Gareth Stearns is the creator and administrator of Fort Walton Beach: What We Did, and he calls it “the most nostalgically addictive Facebook group this side of the Florida Panhandle.” What started out in 2009 as a simple way to share memories of growing up in his hometown has now grown to 19,534 members with the 10-year anniversary just around the corner.


Stearns came to Fort Walton Beach with his parents when he was just three months old. He grew up on Middle Drive in the Garniers Beach area. He visited his childhood home on the day of this interview and relished in the nostalgia the house brought back. His house was directly behind the Goofy Golf.


“Goofy Golf is so special to me,” he says. “I used to go there a lot as a kid. Plus, golf balls always came over the fence into our backyard and I would hit them back over.”


Stearns attended Ocean City Elementary, then Meigs Junior High, and graduated from Choctawhatchee High School in 1996. He went to Florida State University where he graduated in 2001 with a major in English and Creative Writing.  FSU is where he met his wife Erin, who was from South Florida.


Tower Beach, circa 1950s.

“My wife and I decided that whoever got the first grownup job, that would be where we moved to,” says Stearns. She got a job in Greensboro, North Carolina in sales. He also got a job in sales, working in the field for about eight years. He then decided to go back to school to get his teaching degree in social studies, largely because of his expanded appreciation for local history acquired after the group began taking on a life of its own.

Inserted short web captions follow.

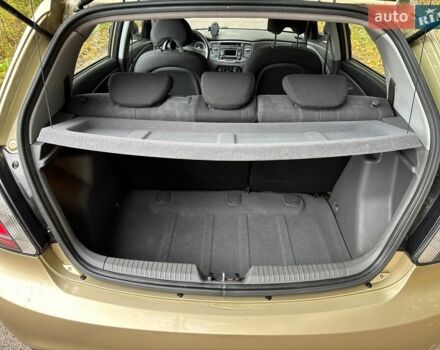 Киа Рио, объемом двигателя 1.4 л и пробегом 112 тыс. км за 5350 $, фото 14 на Automoto.ua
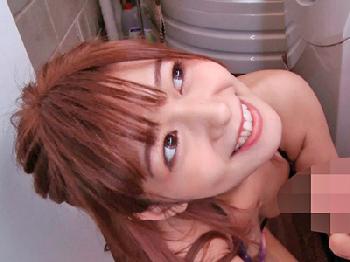 なんの前触れもなく始まる悶絶ゲリラ手コキ！美少女痴女のエロ動画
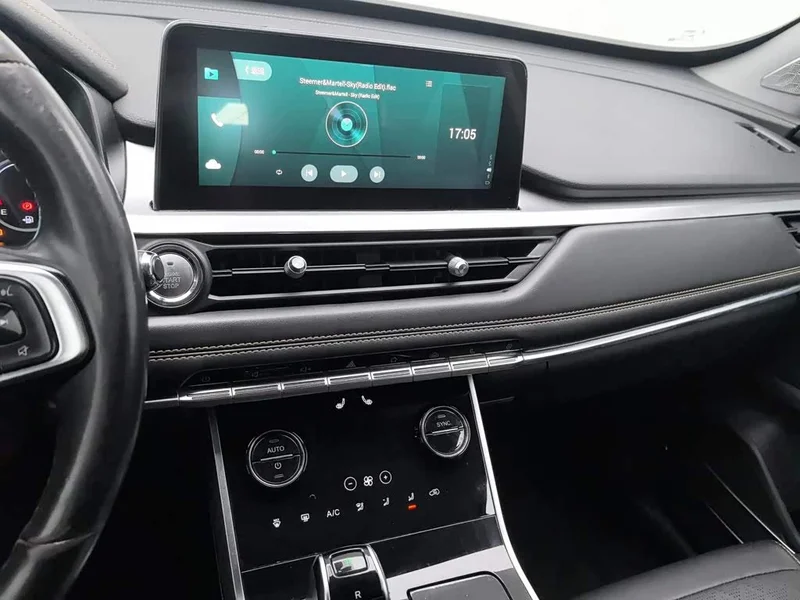 Chery Tiggo 8 — фото 12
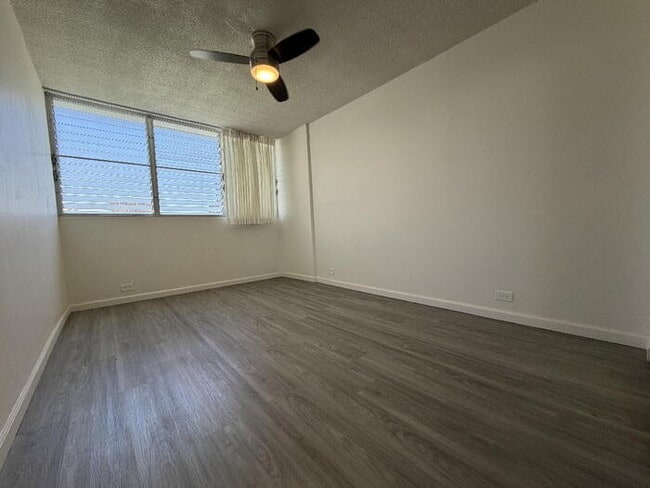 Building Photo - To register for the showing time below, note the 4 digit code: 5386 and click "APPLY NOW."(mobile...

Stearns started the Facebook group,” Fort Walton Beach: What We Did” in February 2009. “It was difficult at first. I had my own stuff to put on there, like yearbooks that I acquired and scanned. My hope was that as the group became larger people would share their memorabilia on the site.” After two months, Fort Walton Beach: What We Did had 500 members. Stearns became a collector of FWB memorabilia and searched eBay for more.


Tower Beach, circa 1950s.

“I like to think of the group as a metaphorical jigsaw puzzle that might never be completed, but it sure is exciting when a new ‘piece’ is discovered,” he says. Members of the group mail items to him and he scans them onto the site. “I am amazed that complete strangers mail things to me that they have held onto for years simply because they feel that is where it belongs.”

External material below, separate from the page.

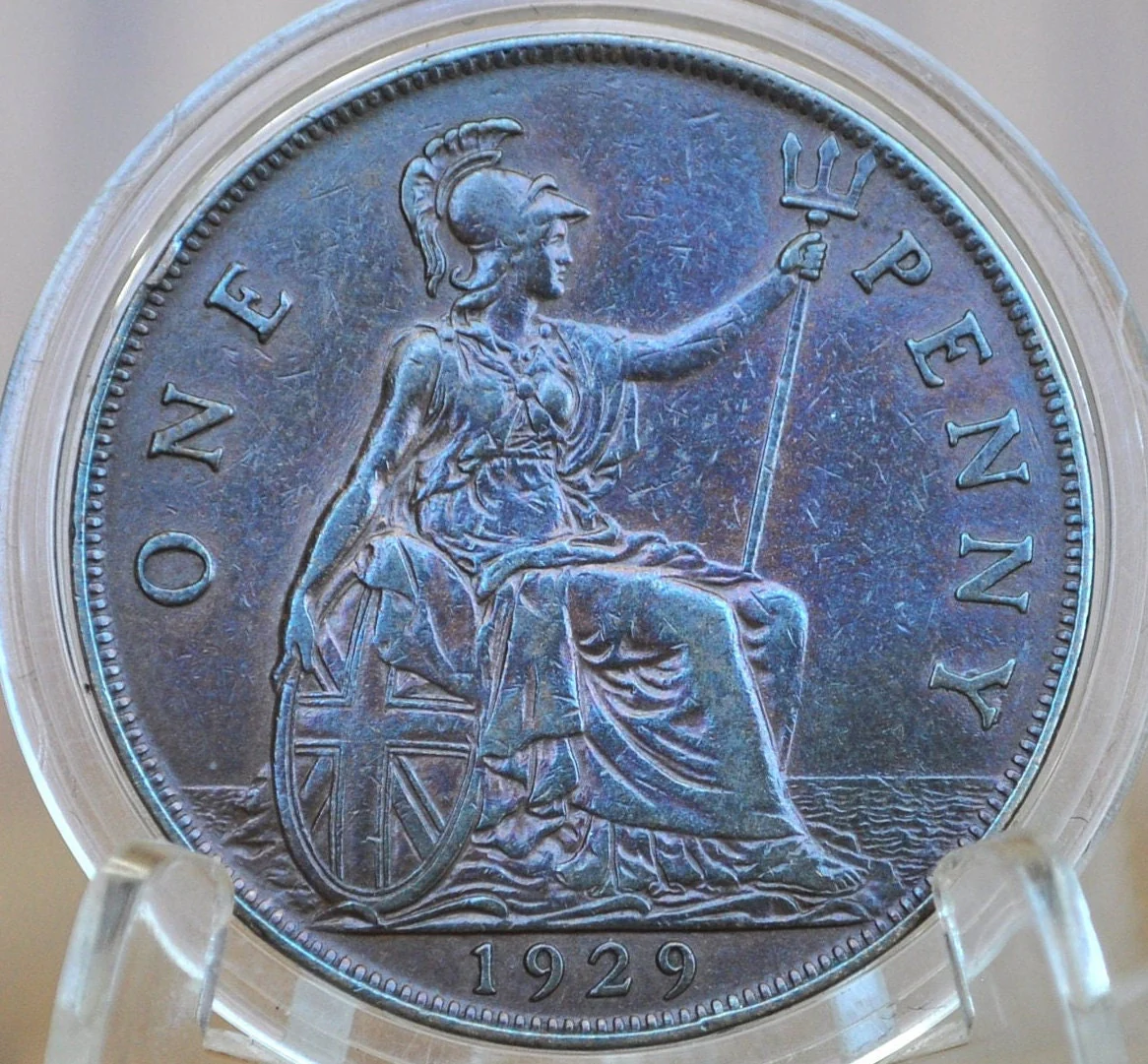 1929 Great Britain One Penny - High Grades - UK Large Penny 1929 - Rare Find in this condition, Luster, Red-Brown - Image 3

On the Facebook group page, Stearns states: “Think of this group as a never-ending digital scrapbook. With more than 19,000 members, and with a searchable library of more than 20,000 vintage images of the area, FWB: WWD has become the definitive source on the entire Internet for all things related to the history of Fort Walton Beach, Florida, and its surrounding communities.”


Threads on the page include where you lived growing up in FWB, where your first job was, businesses that are no longer around, and amusement parks on Okaloosa Island. There are pictures of now-defunct restaurants like The Sand Flea, June’s Dunes, and The Green Knight. Search and you will find pictures of a waterskiing team at the Cinco Bayou Bridge and photos of the Museum of the Sea and Indian. There’s also an FWB: WWD Nostalgic Videos page at


Rick Stevens, a Fort Walton Beach resident and FWB: WWD member, says Stearns is “a digital dynamo. FWB: WWD is a closed group where no advertising is allowed, civility is maintained amongst the participants, and everyone just has a wonderful time looking at the old photos, videos, ideas and memories everyone is sharing here.”

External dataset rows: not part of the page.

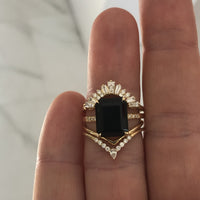 baguette-round-diamond-large-contour-band,eli-band-plain-metal-contour-v-shaped-band,pear-diamond-alternative-bridal-contour-band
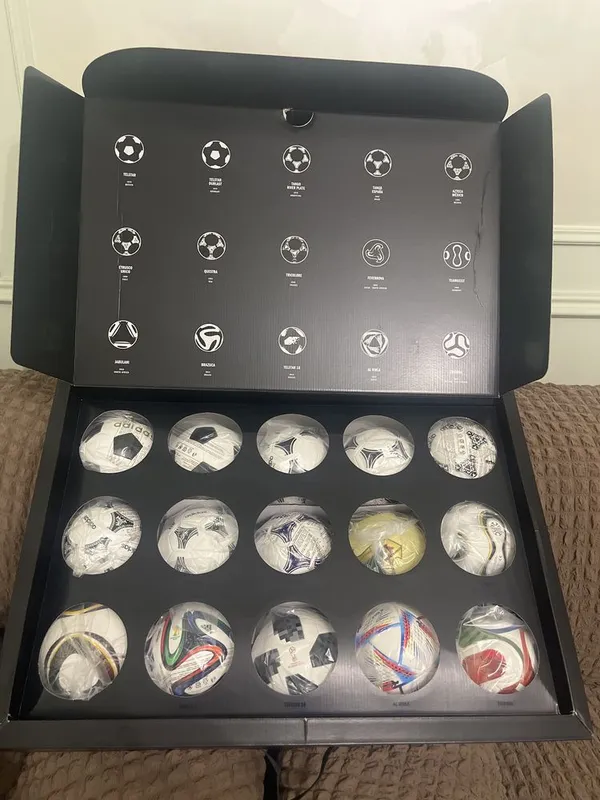 World cup mini balls set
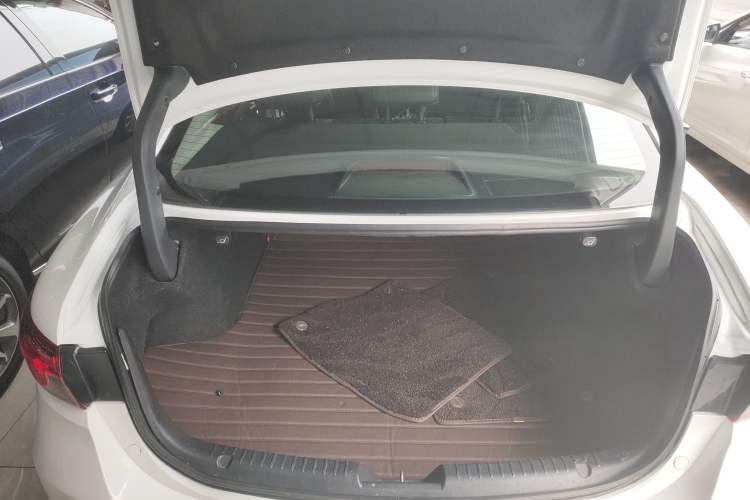 Used Mazda Atenza 2017 2.0L Blue Sky Luxury Edition
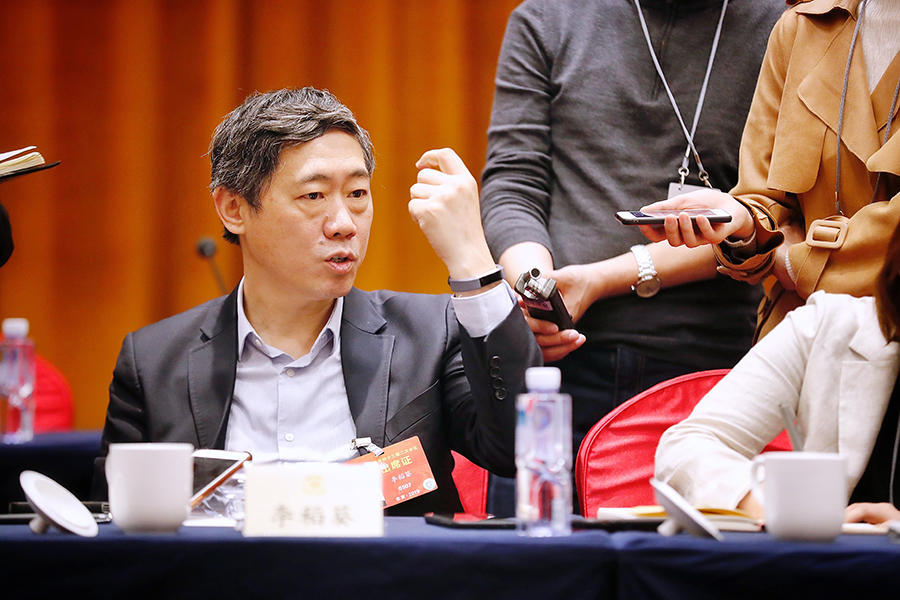 李稻葵  经济总量将是美国的_李稻葵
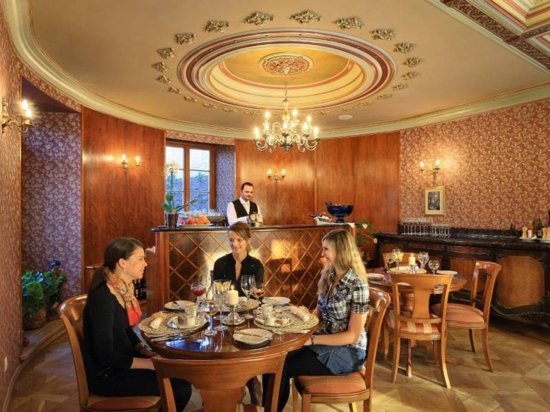 Romantický wellness pobyt na zámku - zámecká restaurace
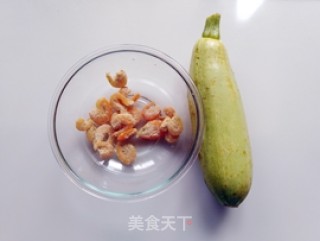 西葫芦炒开洋的做法步骤：1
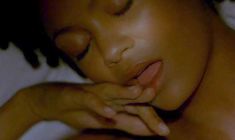 Голые сиськи Тэнди Ньютон в фильме «Осаждённые» фото #3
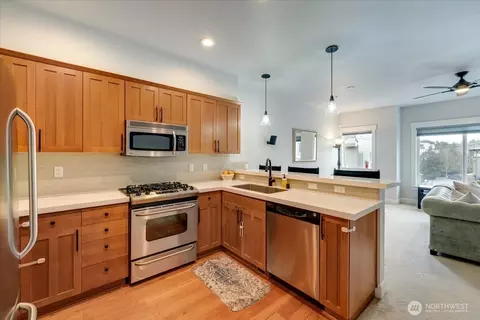 Kitchen - 2115 201st Pl SE #I-2, Bothell, WA 98012 photo 4 of 5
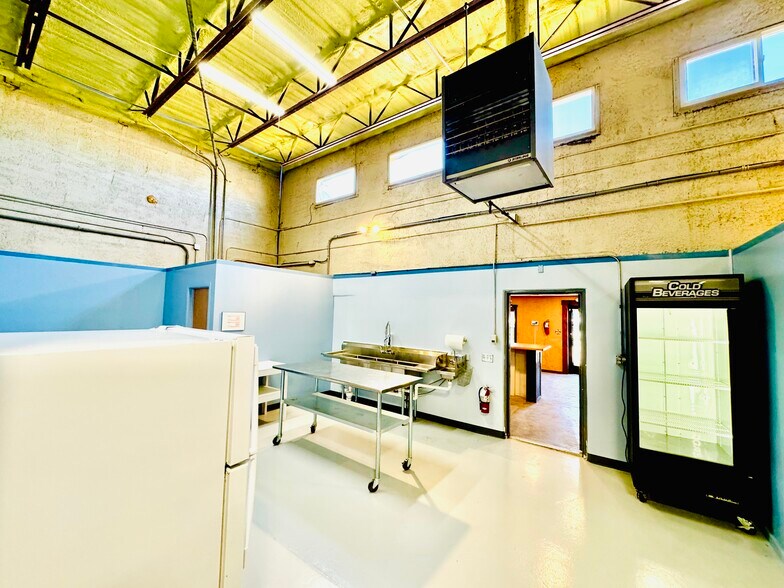 More Photos Of 36730 Democracy Dr, Trinidad Warehouse For Lease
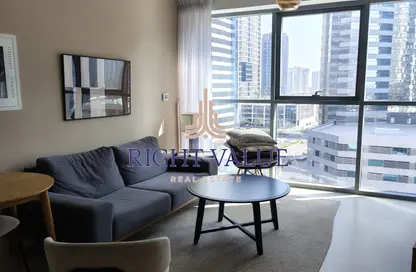 Apartment - 1 Bedroom - 2 Bathrooms for rent in Bellevue Towers - Downtown Dubai - Dubai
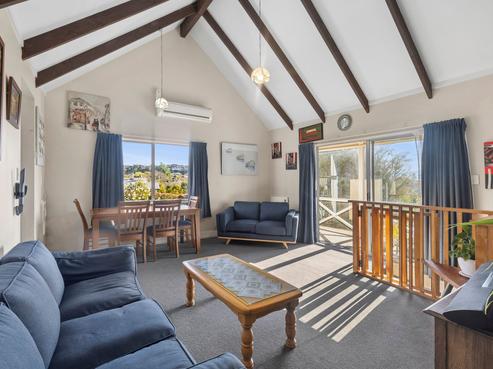 11A Farnham Drive, Richmond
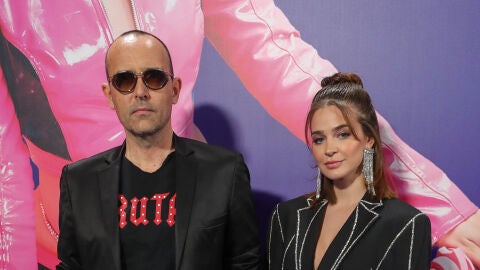 Risto Mejide y Laura Escanes, en un photocall en mayo de 2022
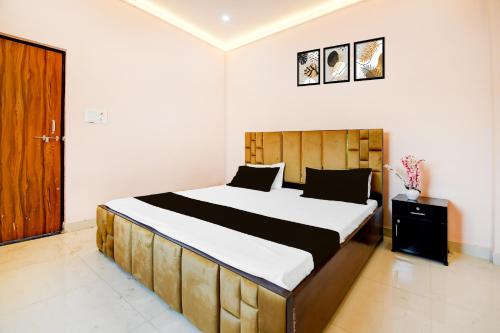 En eller flere senge i et værelse på Hotel O Valencia Stay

Stearns just finished his third year of teaching high school social studies outside of the state of Florida. He and his wife Erin have three children, and Stearns tries to get back to Fort Walton Beach often. His parents still reside here.


“The timing of social media becoming popular really helped the growth of FWB: WWD,” he says. “Someday I hope to self-publish a book about the history of FWB and the surrounding areas through artifacts and stories.” He also hopes to hit 20,000 members by next February’s 10-year anniversary.